■ PROBLEM DESCRIPTION ■
Begin at the line below that holds "So next to that" and end at the line that holds "Modification indices for", transcribing each line exactly and skipping any picture.
---------- MATERIAL SUPPLIED ----------
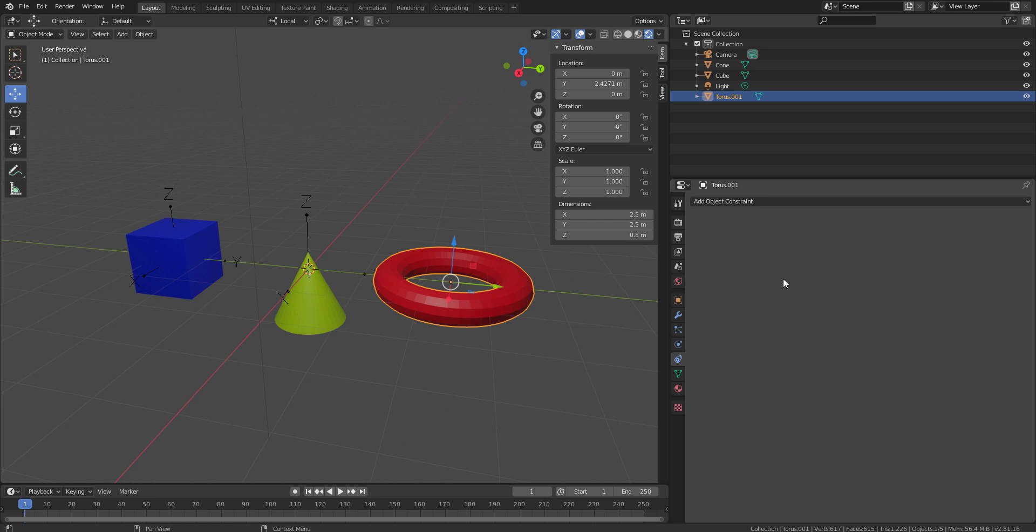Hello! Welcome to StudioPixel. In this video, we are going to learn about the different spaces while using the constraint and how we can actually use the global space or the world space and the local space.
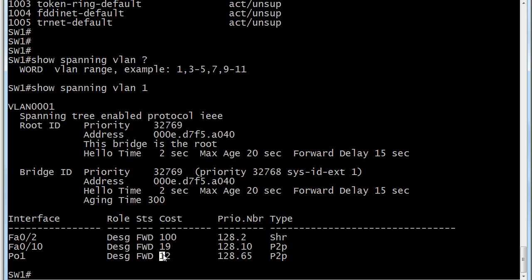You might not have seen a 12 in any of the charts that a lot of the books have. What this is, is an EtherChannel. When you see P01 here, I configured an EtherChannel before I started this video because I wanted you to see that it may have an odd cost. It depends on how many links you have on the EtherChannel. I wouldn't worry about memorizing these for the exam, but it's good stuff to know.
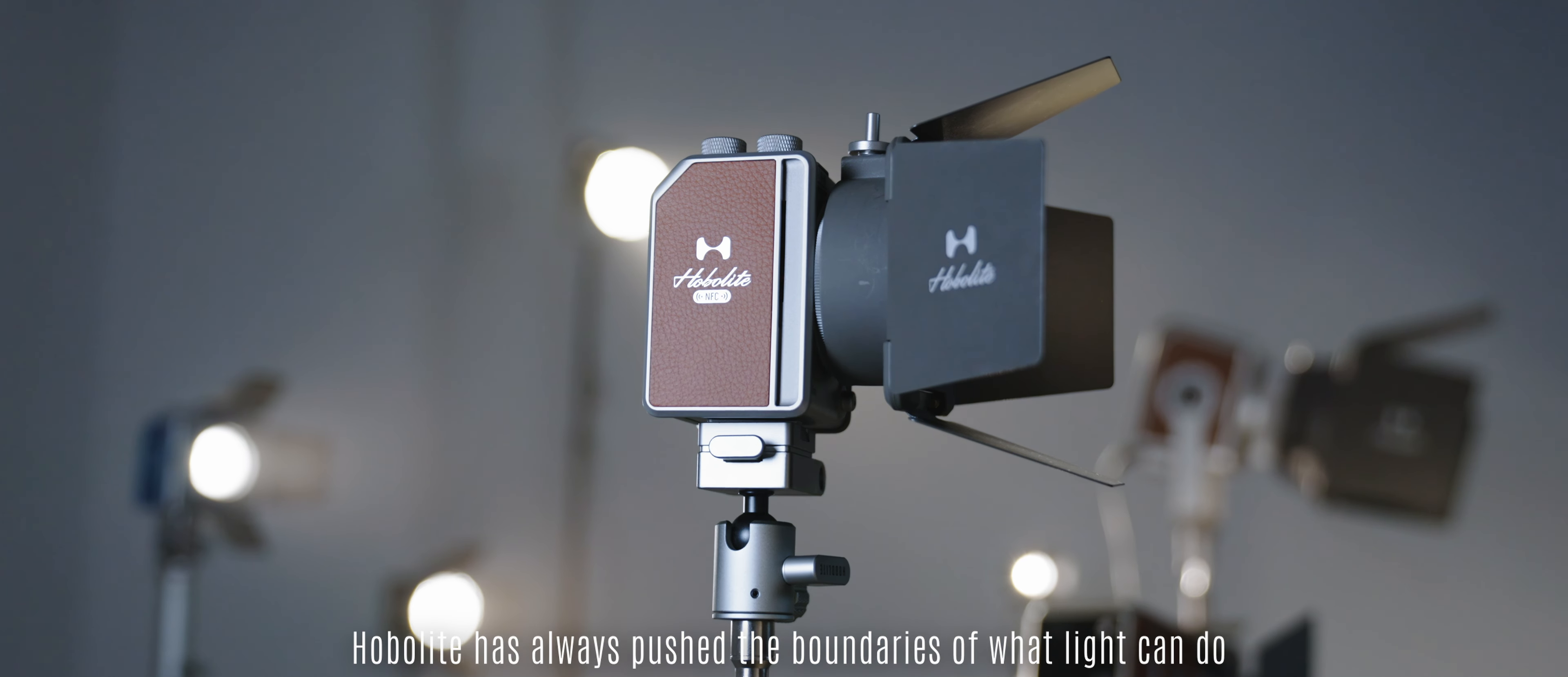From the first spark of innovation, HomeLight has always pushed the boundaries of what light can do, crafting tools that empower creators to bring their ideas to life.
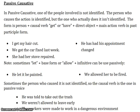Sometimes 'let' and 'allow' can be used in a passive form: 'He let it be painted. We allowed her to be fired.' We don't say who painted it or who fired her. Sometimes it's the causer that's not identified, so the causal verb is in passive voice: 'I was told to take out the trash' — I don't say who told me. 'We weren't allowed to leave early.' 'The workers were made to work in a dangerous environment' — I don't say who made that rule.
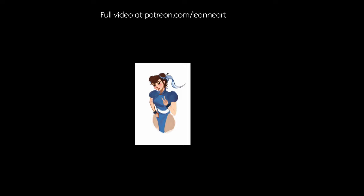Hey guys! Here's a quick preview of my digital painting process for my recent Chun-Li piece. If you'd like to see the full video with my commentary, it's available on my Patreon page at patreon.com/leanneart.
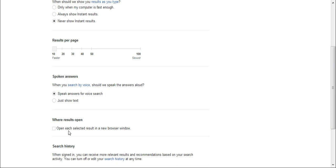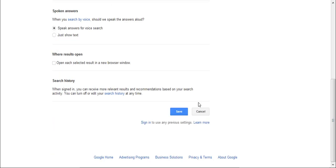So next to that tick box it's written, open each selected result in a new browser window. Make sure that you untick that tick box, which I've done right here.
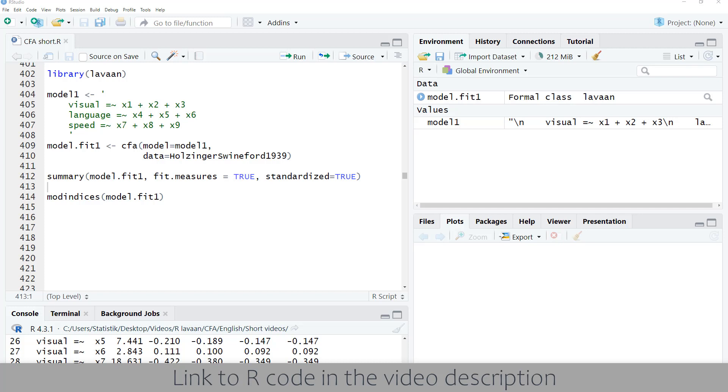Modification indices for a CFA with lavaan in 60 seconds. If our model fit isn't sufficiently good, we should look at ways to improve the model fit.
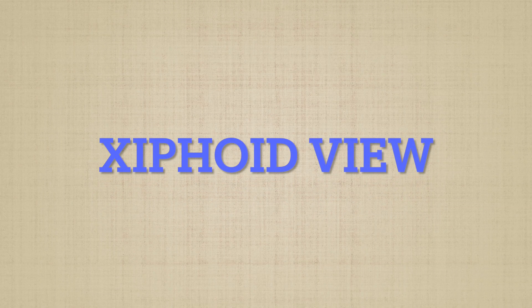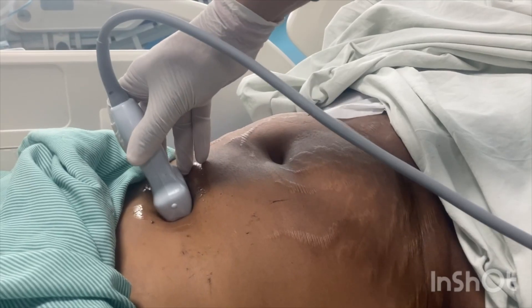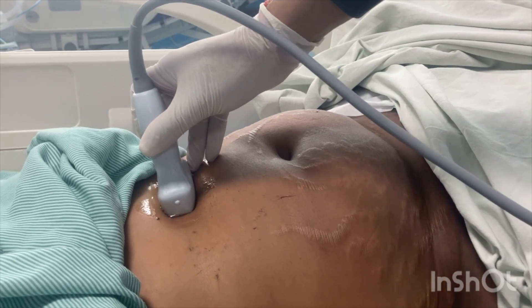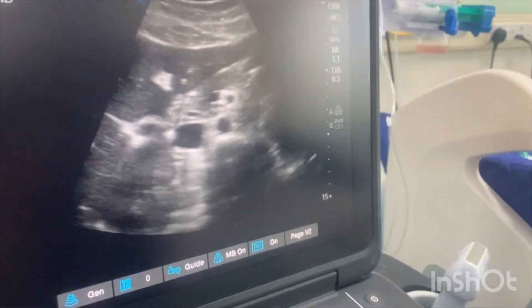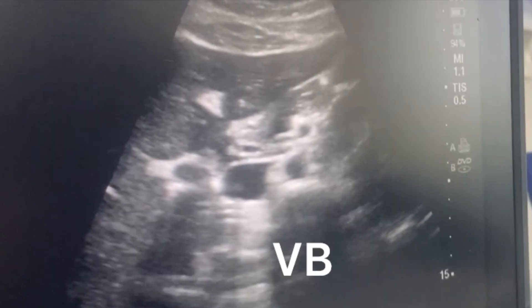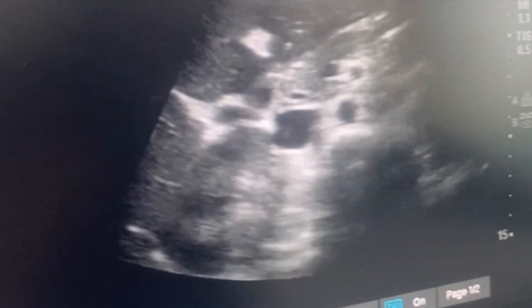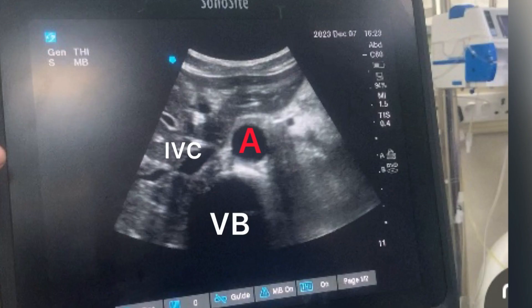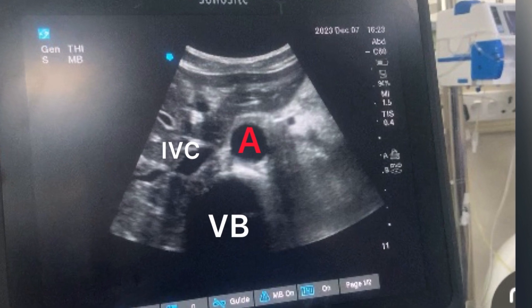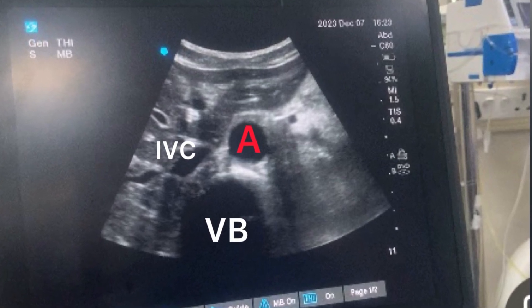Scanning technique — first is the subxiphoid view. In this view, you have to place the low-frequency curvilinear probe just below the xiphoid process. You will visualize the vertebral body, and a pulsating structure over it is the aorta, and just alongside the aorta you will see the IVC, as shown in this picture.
----------
---------- MATERIAL SUPPLIED ----------
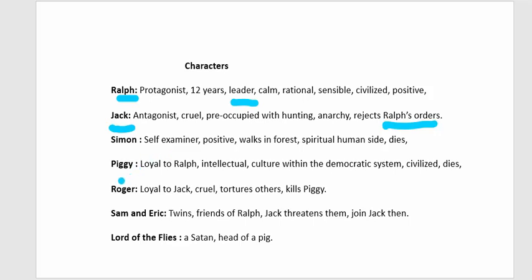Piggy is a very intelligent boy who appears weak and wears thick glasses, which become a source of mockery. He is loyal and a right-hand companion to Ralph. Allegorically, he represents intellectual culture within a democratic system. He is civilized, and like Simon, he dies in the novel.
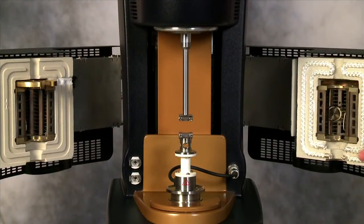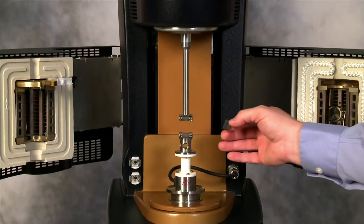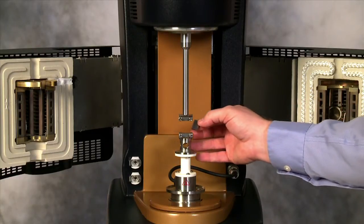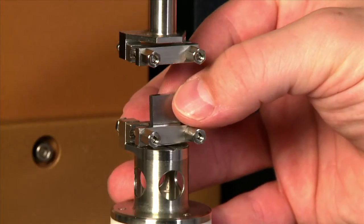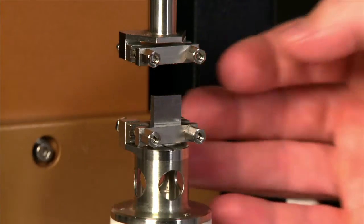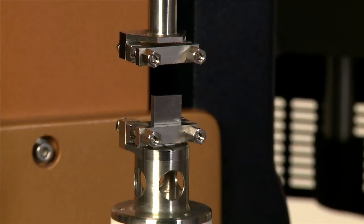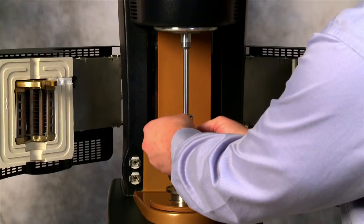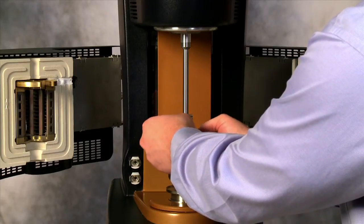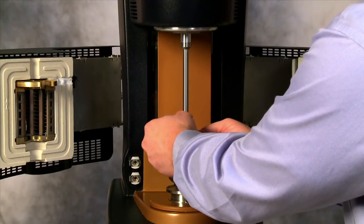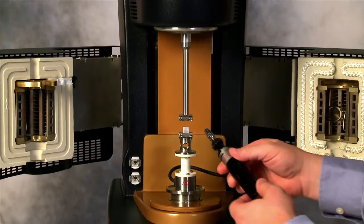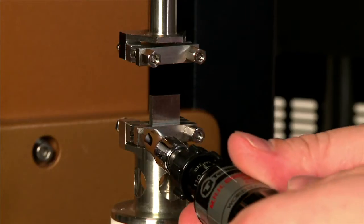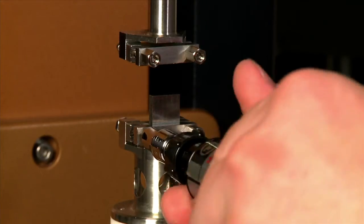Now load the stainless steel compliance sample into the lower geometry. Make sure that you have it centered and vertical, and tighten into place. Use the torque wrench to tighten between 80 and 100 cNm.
----------
■ EXERCISE ANSWER ■
So next to that tick box it's written, open each selected result in a new browser window. Make sure that you untick that tick box, which I've done right here.
Modification indices for a CFA with lavaan in 60 seconds. If our model fit isn't sufficiently good, we should look at ways to improve the model fit.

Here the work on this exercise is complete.